D. Manuscript Reconciliation with Biblissima

  1. Create a new project by importing the manuscript CSV from https://raw.githubusercontent.com/emmamorlock/workshop/refs/heads/main/exercices/handouts/biblissima.csv
  2. Explore manuscript metadata: Review columns such as shelfmark, repository, author, and title. Create text facets to identify variations in repository names or author attributions.
  3. Reconcile shelfmarks: Use the Biblissima reconciliation endpoint (https://data.biblissima.fr/api/reconcile, type: Manuscript) to match records against the Biblissima authority file. This connects your local shelfmarks to persistent URIs.
  4. Enrich with IIIF (optional extension): After reconciliation, use Edit column > Add column by fetching URLs to retrieve JSON data from the reconciled Biblissima URIs. Parse the JSON to extract iiif_manifest_url fields where available.

Cf. Sajdak (2024).

TipHints for Part D
  • The Biblissima endpoint works like Wikidata’s — add it the same way and select the “Manuscript” type.
  • For step 16, the fetched JSON may contain a iiif_manifest_url key — use value.parseJson()['iiif_manifest_url'] to extract it.

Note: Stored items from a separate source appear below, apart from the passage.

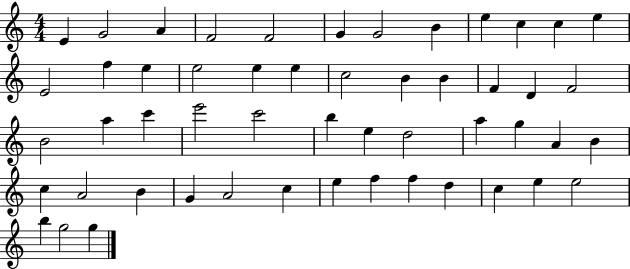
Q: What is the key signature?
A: C major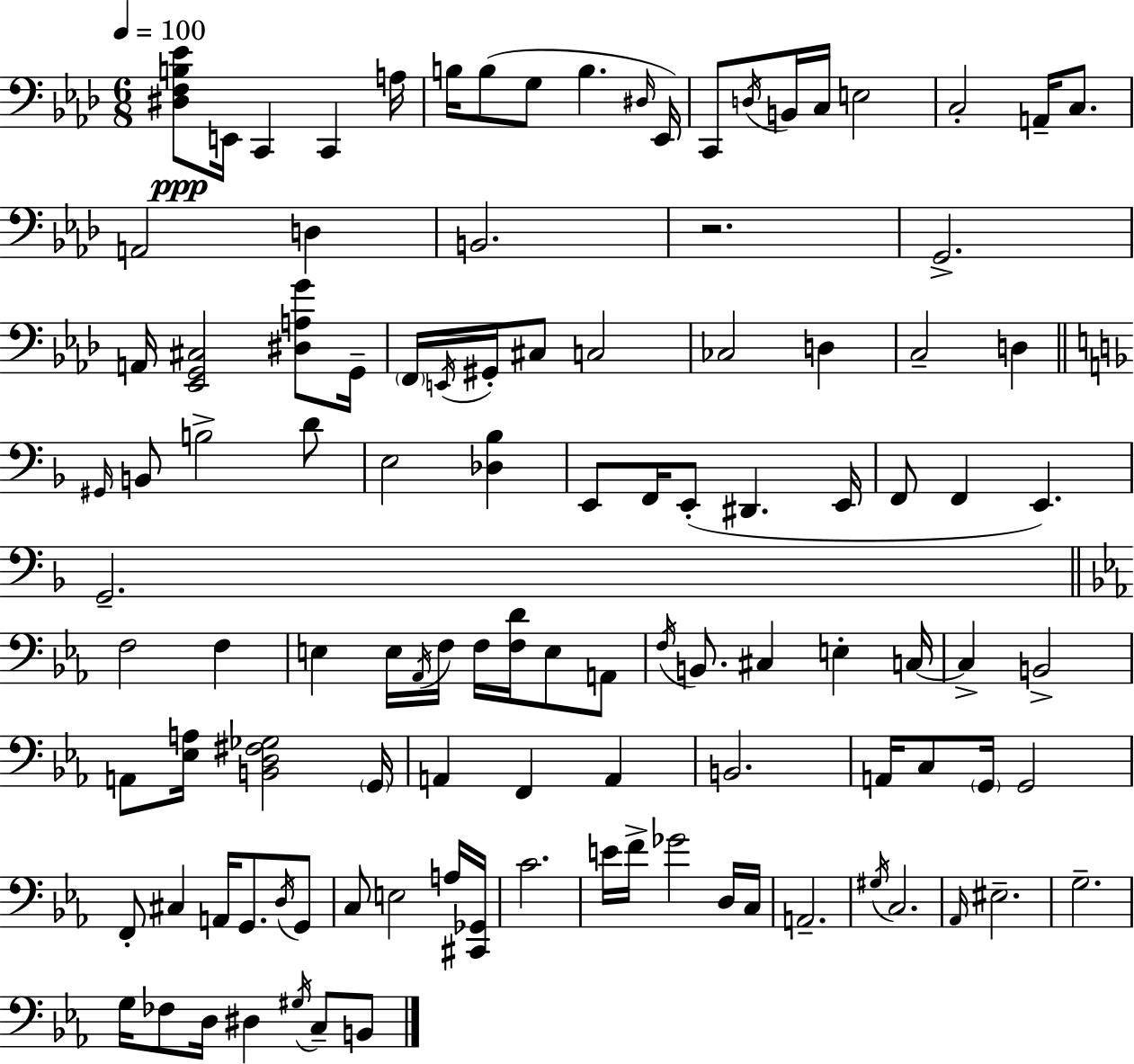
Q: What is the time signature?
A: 6/8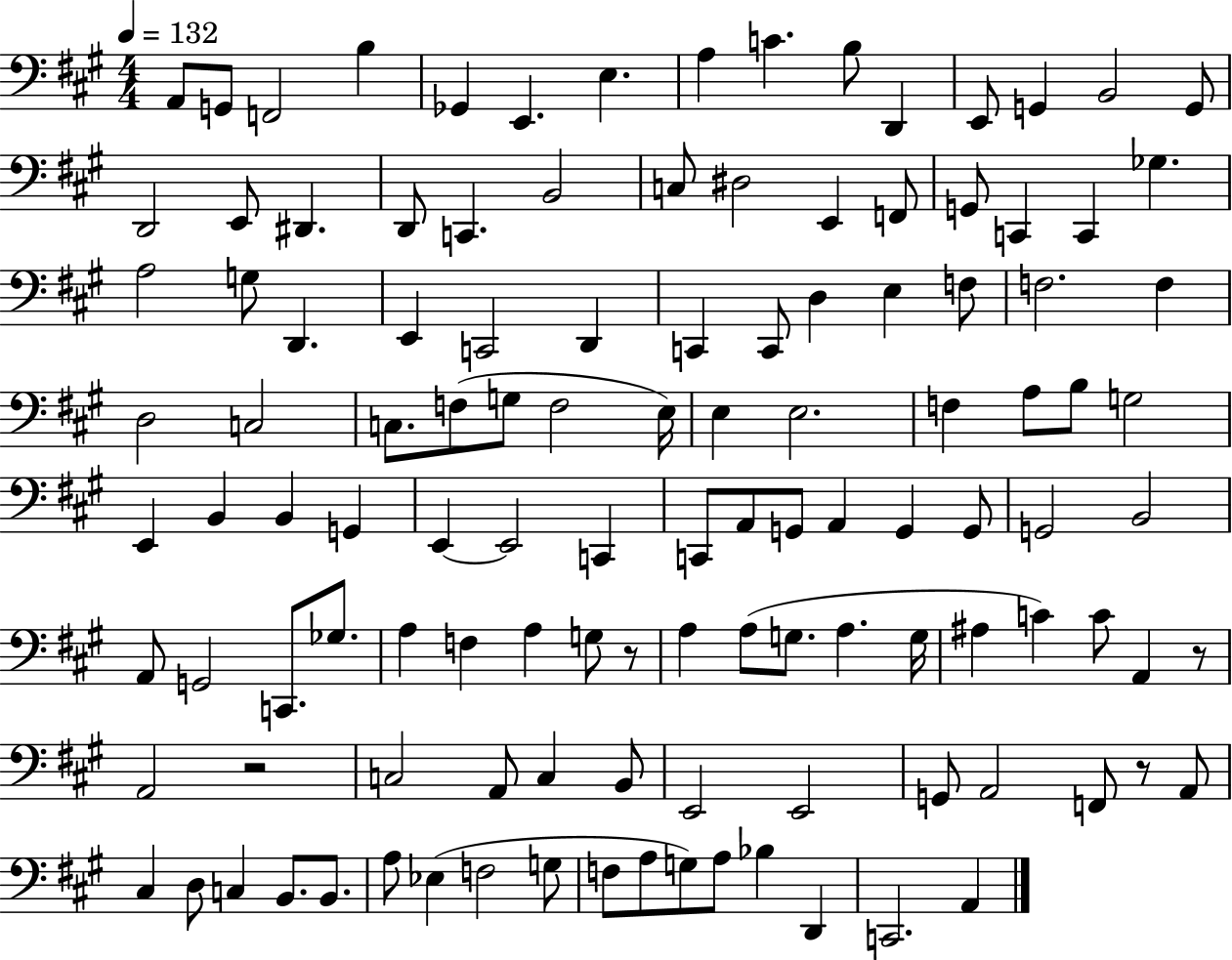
{
  \clef bass
  \numericTimeSignature
  \time 4/4
  \key a \major
  \tempo 4 = 132
  \repeat volta 2 { a,8 g,8 f,2 b4 | ges,4 e,4. e4. | a4 c'4. b8 d,4 | e,8 g,4 b,2 g,8 | \break d,2 e,8 dis,4. | d,8 c,4. b,2 | c8 dis2 e,4 f,8 | g,8 c,4 c,4 ges4. | \break a2 g8 d,4. | e,4 c,2 d,4 | c,4 c,8 d4 e4 f8 | f2. f4 | \break d2 c2 | c8. f8( g8 f2 e16) | e4 e2. | f4 a8 b8 g2 | \break e,4 b,4 b,4 g,4 | e,4~~ e,2 c,4 | c,8 a,8 g,8 a,4 g,4 g,8 | g,2 b,2 | \break a,8 g,2 c,8. ges8. | a4 f4 a4 g8 r8 | a4 a8( g8. a4. g16 | ais4 c'4) c'8 a,4 r8 | \break a,2 r2 | c2 a,8 c4 b,8 | e,2 e,2 | g,8 a,2 f,8 r8 a,8 | \break cis4 d8 c4 b,8. b,8. | a8 ees4( f2 g8 | f8 a8 g8) a8 bes4 d,4 | c,2. a,4 | \break } \bar "|."
}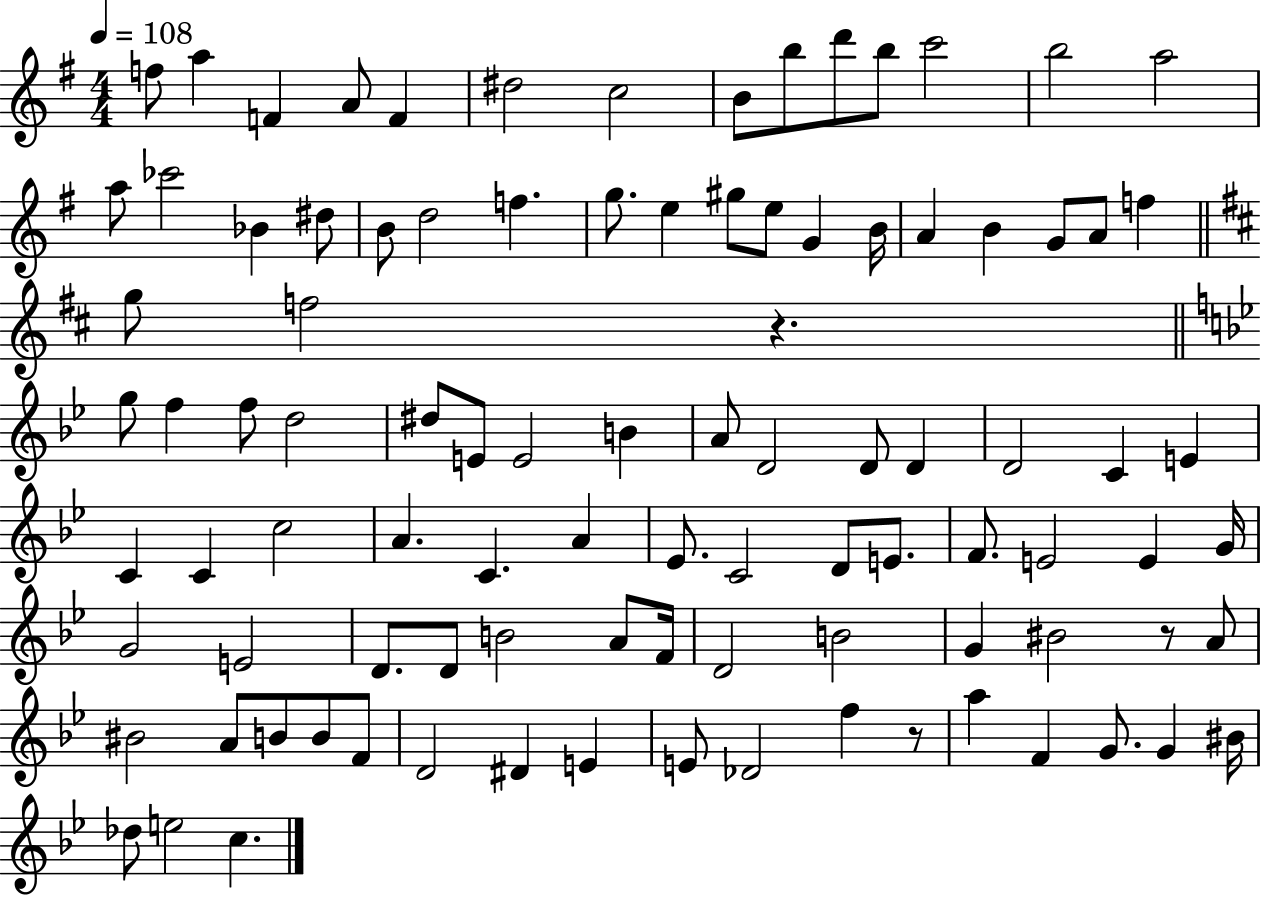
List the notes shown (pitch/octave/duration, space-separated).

F5/e A5/q F4/q A4/e F4/q D#5/h C5/h B4/e B5/e D6/e B5/e C6/h B5/h A5/h A5/e CES6/h Bb4/q D#5/e B4/e D5/h F5/q. G5/e. E5/q G#5/e E5/e G4/q B4/s A4/q B4/q G4/e A4/e F5/q G5/e F5/h R/q. G5/e F5/q F5/e D5/h D#5/e E4/e E4/h B4/q A4/e D4/h D4/e D4/q D4/h C4/q E4/q C4/q C4/q C5/h A4/q. C4/q. A4/q Eb4/e. C4/h D4/e E4/e. F4/e. E4/h E4/q G4/s G4/h E4/h D4/e. D4/e B4/h A4/e F4/s D4/h B4/h G4/q BIS4/h R/e A4/e BIS4/h A4/e B4/e B4/e F4/e D4/h D#4/q E4/q E4/e Db4/h F5/q R/e A5/q F4/q G4/e. G4/q BIS4/s Db5/e E5/h C5/q.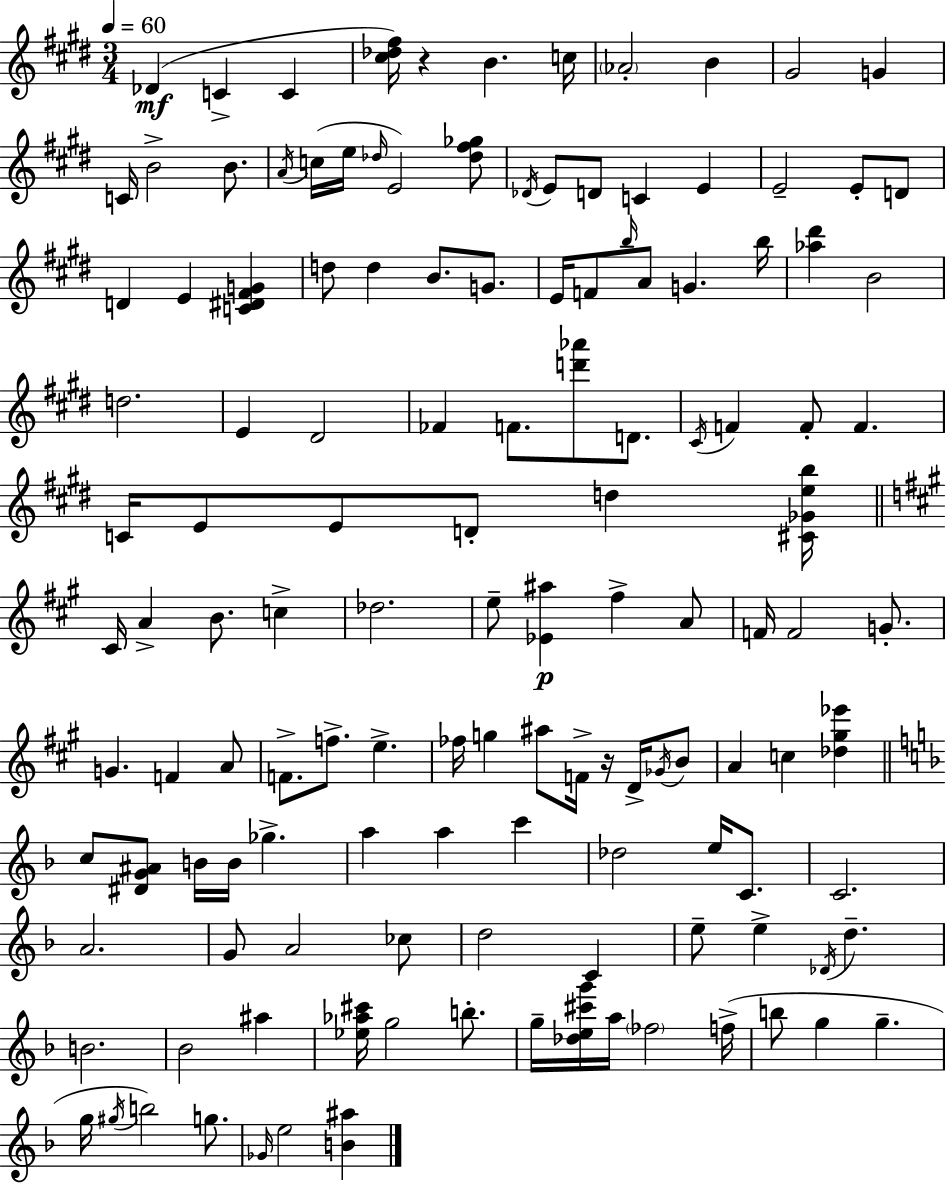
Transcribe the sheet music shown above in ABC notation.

X:1
T:Untitled
M:3/4
L:1/4
K:E
_D C C [^c_d^f]/4 z B c/4 _A2 B ^G2 G C/4 B2 B/2 A/4 c/4 e/4 _d/4 E2 [_d^f_g]/2 _D/4 E/2 D/2 C E E2 E/2 D/2 D E [C^D^FG] d/2 d B/2 G/2 E/4 F/2 b/4 A/2 G b/4 [_a^d'] B2 d2 E ^D2 _F F/2 [d'_a']/2 D/2 ^C/4 F F/2 F C/4 E/2 E/2 D/2 d [^C_Geb]/4 ^C/4 A B/2 c _d2 e/2 [_E^a] ^f A/2 F/4 F2 G/2 G F A/2 F/2 f/2 e _f/4 g ^a/2 F/4 z/4 D/4 _G/4 B/2 A c [_d^g_e'] c/2 [^DG^A]/2 B/4 B/4 _g a a c' _d2 e/4 C/2 C2 A2 G/2 A2 _c/2 d2 C e/2 e _D/4 d B2 _B2 ^a [_e_a^c']/4 g2 b/2 g/4 [_de^c'g']/4 a/4 _f2 f/4 b/2 g g g/4 ^g/4 b2 g/2 _G/4 e2 [B^a]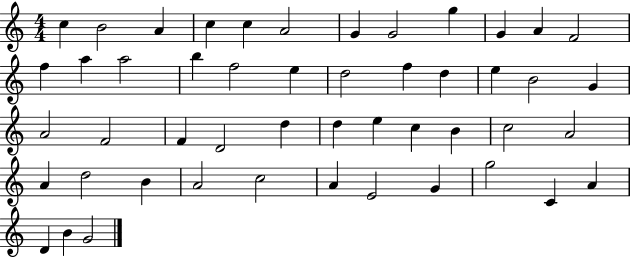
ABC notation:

X:1
T:Untitled
M:4/4
L:1/4
K:C
c B2 A c c A2 G G2 g G A F2 f a a2 b f2 e d2 f d e B2 G A2 F2 F D2 d d e c B c2 A2 A d2 B A2 c2 A E2 G g2 C A D B G2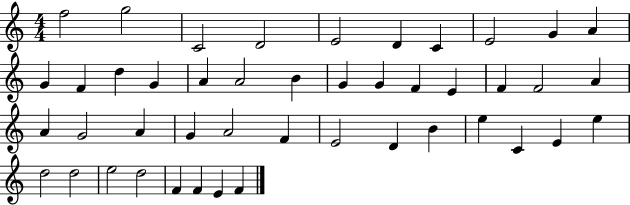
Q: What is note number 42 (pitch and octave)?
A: F4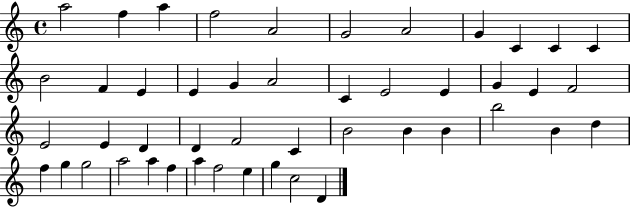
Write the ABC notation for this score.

X:1
T:Untitled
M:4/4
L:1/4
K:C
a2 f a f2 A2 G2 A2 G C C C B2 F E E G A2 C E2 E G E F2 E2 E D D F2 C B2 B B b2 B d f g g2 a2 a f a f2 e g c2 D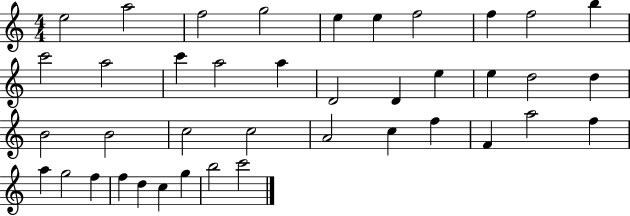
X:1
T:Untitled
M:4/4
L:1/4
K:C
e2 a2 f2 g2 e e f2 f f2 b c'2 a2 c' a2 a D2 D e e d2 d B2 B2 c2 c2 A2 c f F a2 f a g2 f f d c g b2 c'2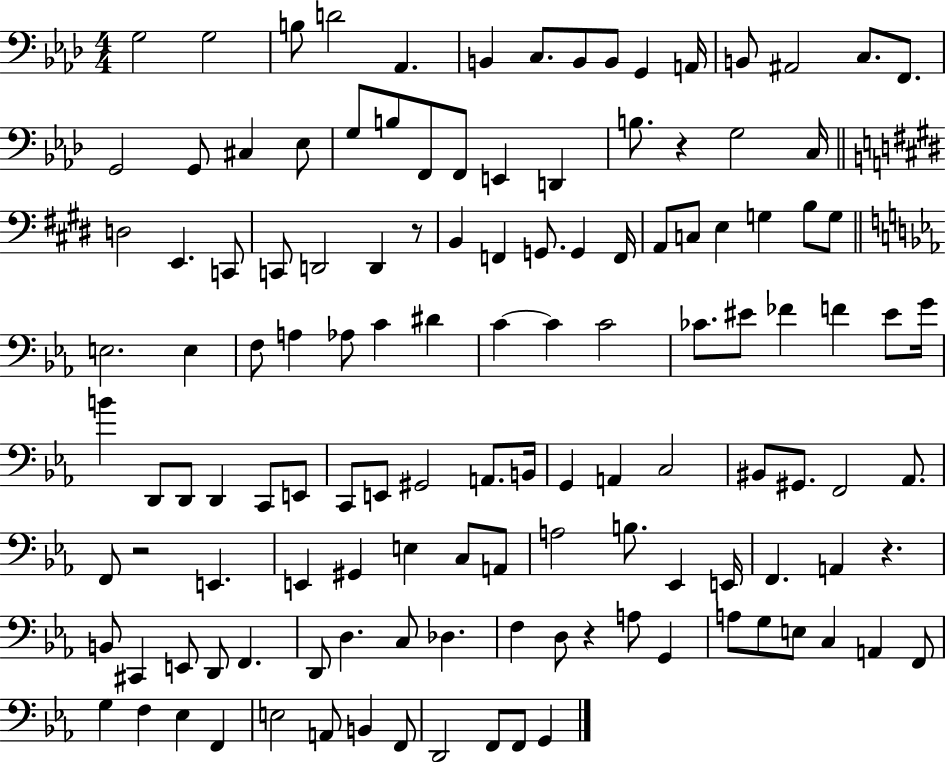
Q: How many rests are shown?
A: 5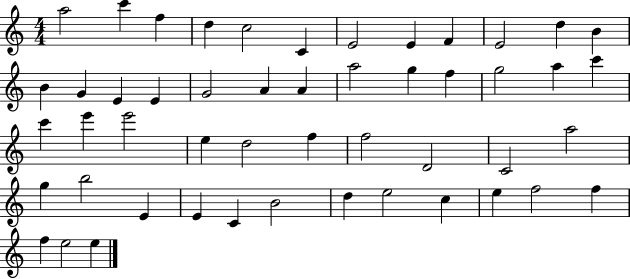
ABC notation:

X:1
T:Untitled
M:4/4
L:1/4
K:C
a2 c' f d c2 C E2 E F E2 d B B G E E G2 A A a2 g f g2 a c' c' e' e'2 e d2 f f2 D2 C2 a2 g b2 E E C B2 d e2 c e f2 f f e2 e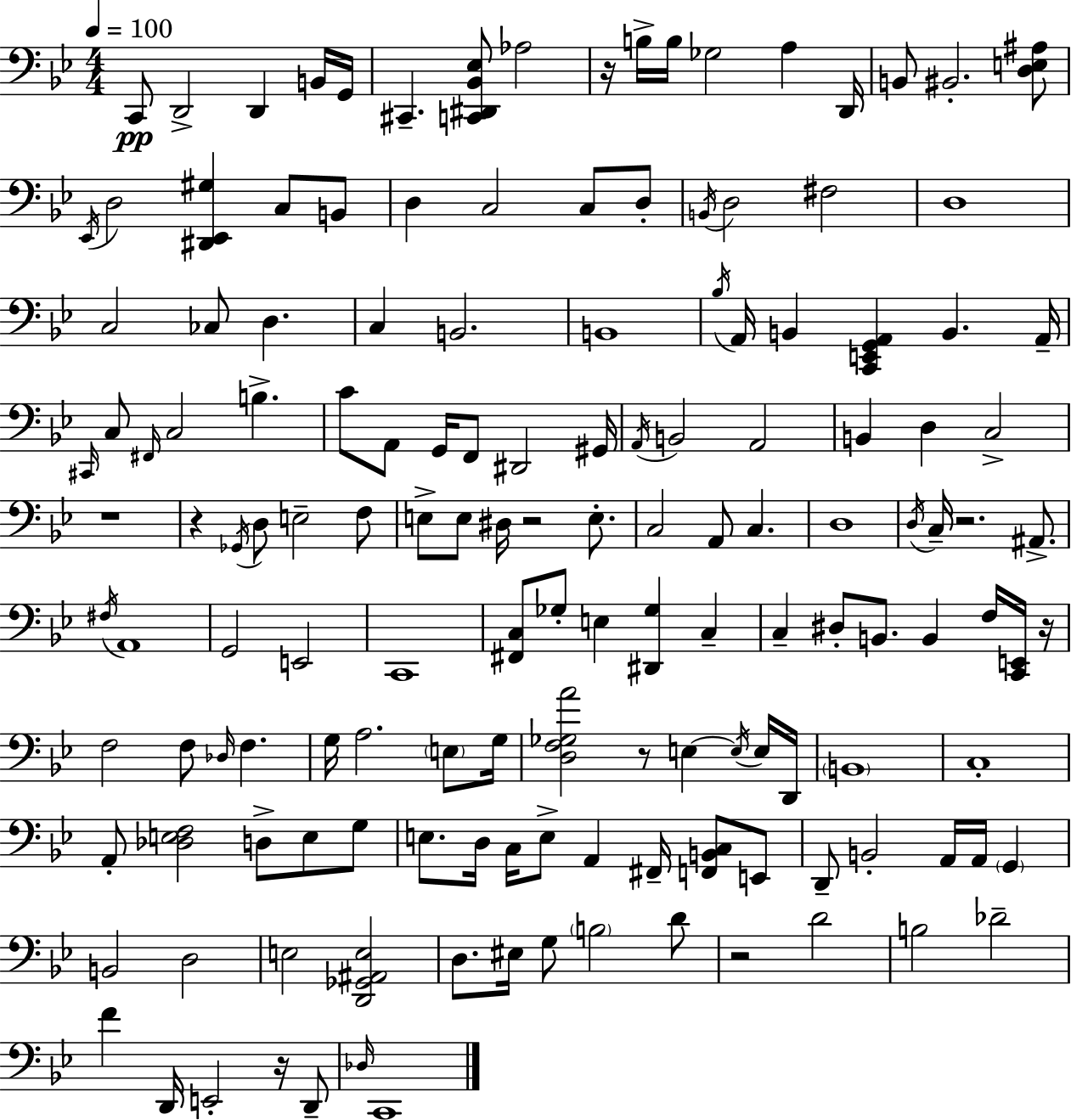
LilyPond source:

{
  \clef bass
  \numericTimeSignature
  \time 4/4
  \key g \minor
  \tempo 4 = 100
  c,8\pp d,2-> d,4 b,16 g,16 | cis,4.-- <c, dis, bes, ees>8 aes2 | r16 b16-> b16 ges2 a4 d,16 | b,8 bis,2.-. <d e ais>8 | \break \acciaccatura { ees,16 } d2 <dis, ees, gis>4 c8 b,8 | d4 c2 c8 d8-. | \acciaccatura { b,16 } d2 fis2 | d1 | \break c2 ces8 d4. | c4 b,2. | b,1 | \acciaccatura { bes16 } a,16 b,4 <c, e, g, a,>4 b,4. | \break a,16-- \grace { cis,16 } c8 \grace { fis,16 } c2 b4.-> | c'8 a,8 g,16 f,8 dis,2 | gis,16 \acciaccatura { a,16 } b,2 a,2 | b,4 d4 c2-> | \break r1 | r4 \acciaccatura { ges,16 } d8 e2-- | f8 e8-> e8 dis16 r2 | e8.-. c2 a,8 | \break c4. d1 | \acciaccatura { d16 } c16-- r2. | ais,8.-> \acciaccatura { fis16 } a,1 | g,2 | \break e,2 c,1 | <fis, c>8 ges8-. e4 | <dis, ges>4 c4-- c4-- dis8-. b,8. | b,4 f16 <c, e,>16 r16 f2 | \break f8 \grace { des16 } f4. g16 a2. | \parenthesize e8 g16 <d f ges a'>2 | r8 e4~~ \acciaccatura { e16 } e16 d,16 \parenthesize b,1 | c1-. | \break a,8-. <des e f>2 | d8-> e8 g8 e8. d16 c16 | e8-> a,4 fis,16-- <f, b, c>8 e,8 d,8-- b,2-. | a,16 a,16 \parenthesize g,4 b,2 | \break d2 e2 | <d, ges, ais, e>2 d8. eis16 g8 | \parenthesize b2 d'8 r2 | d'2 b2 | \break des'2-- f'4 d,16 | e,2-. r16 d,8-- \grace { des16 } c,1 | \bar "|."
}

E. API Integration & JSON with the Smithsonian

  1. Create a new project by importing a Smithsonian JSON file (not CSV) from https://github.com/Smithsonian/OpenAccess
  2. Flatten nested JSON: Convert nested paths (e.g., title.content) to flat columns using the transform expression: value.parseJson()['title']
  3. Extract media: Parse the JSON to find objects with images by extracting online_media.mediaCount
  4. Reconcile topics: Match topic fields against Library of Congress Subject Headings (LCSH) using their reconciliation service.
TipHints for Part E
  • When importing JSON, OpenRefine lets you select the record path — pick the array that contains the collection objects.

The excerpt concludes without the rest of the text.